1.  What were my writing/creative goals for this year?

Just listing out my goals from this past year is helpful! I was surprised to find that I had actually forgotten about a couple of goals I had put on my list back at the start of the year, which is pretty telling. 

2. Which goals did I accomplish?

Listing all of my goals and then weighing them against what I actually achieved can help me determine if I am expecting too much of myself or not enough. Also, it can be incredibly motivating to see everything I've achieved in a year listed on paper! 

3. Which goals did I not accomplish?

Obviously, the forgotten goals made this list, but it's helpful to list those I remember, and those I consciously ignored, too. 

4. For all my goals, what did I expect to feel/attain from accomplishing each?

This is such an important question because sometimes what we think we are getting when we accomplish something is not necessarily the payout we receive. Identifying the true motivation behind each goal helps to make setting new goals more realistic and gratifying.

5. What level of joy/value did I experience for each goal I attained? (assign a number or grade system to this, i.e. 1-10 or A-F)

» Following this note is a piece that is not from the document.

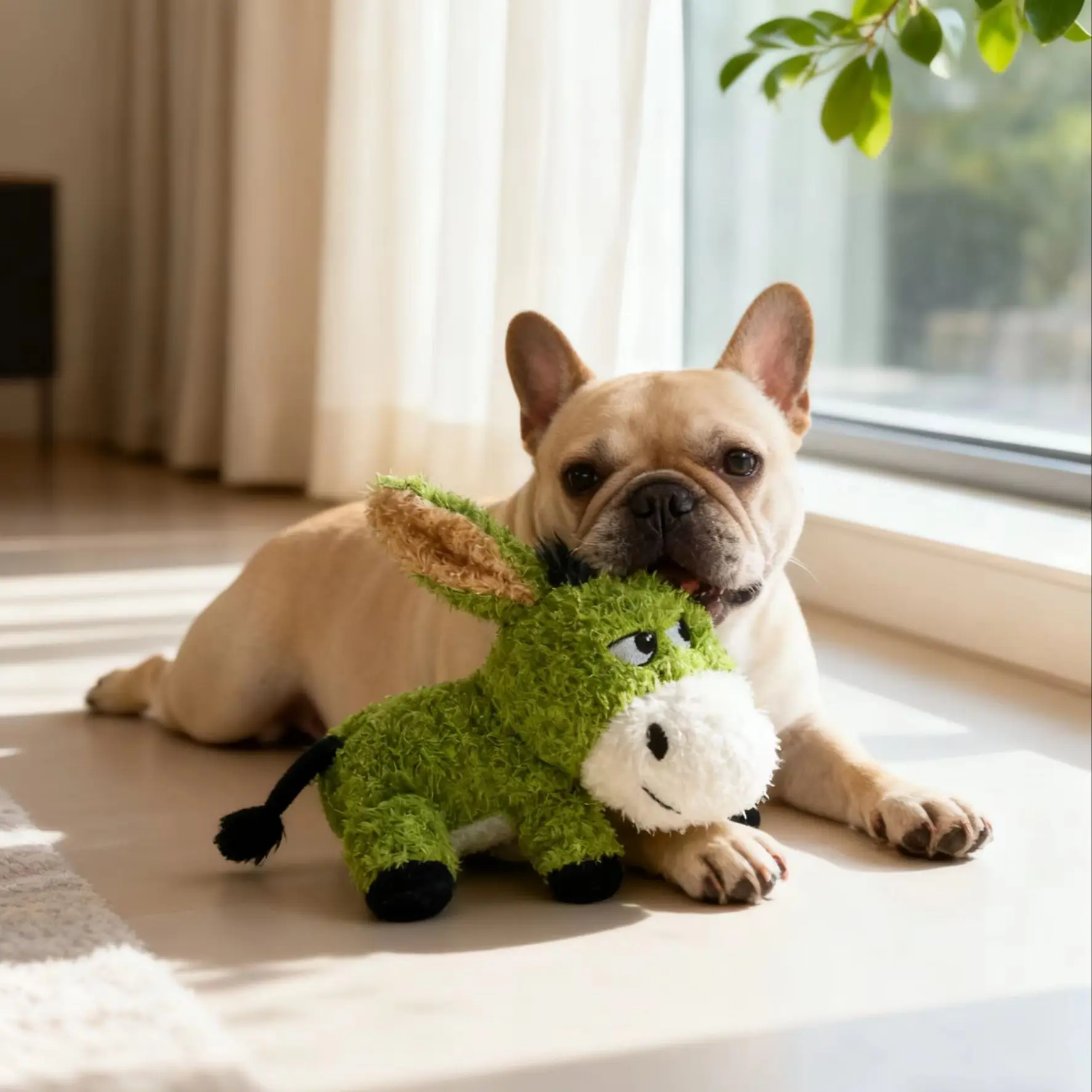 Chew-Resistant Interactive Dog Toy, Companion Plush Donkey Toy for Small, Medium & Large Dogs, Soft & Comfortable Large Plush 4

Here's the meaty bit about doing this assessment. Looking at the things I did this year that sparked joy can be incredibly insightful for understanding the reason for setting the goal in the first place! I'm always surprised at what makes me excited to accomplish and what simply didn't have the payoff I expected.

6. What level of disappointment/penalty did I get for each goal I did not attain? (assign a number or grade)

The goals that make me really bummed to not meet are certainly those I want to explore and perhaps add to my list for next year. The ones I forgot I'd made... well, those can probably go away. 

7. Was there any amount of time/tactic I used for the goals I reached, that I did not use for the goals I did not reach? Alternatively, was there a variance in the level of joy and the time spent?

Some goals that brought me the most joy required a smaller-than-expected investment of time. And others required a significant amount of time. Knowing the work vs. value quotient for my achievements is very useful data! Some goals I didn't achieve because they were simply too amorphous - a reminder that structure in goal making, and in story writing, is imperative for success! Likewise, some goals I didn't achieve but invested a lot of time and effort came with a higher level of disappointment. 

Whether you triumphed in NaNoWriMo or are in the middle of your 3rd revision, I invite you to assess your writing and creative journey this past year, celebrate your victories, and gracefully acknowledge the unfinished, to set an intentional strategy for 2024.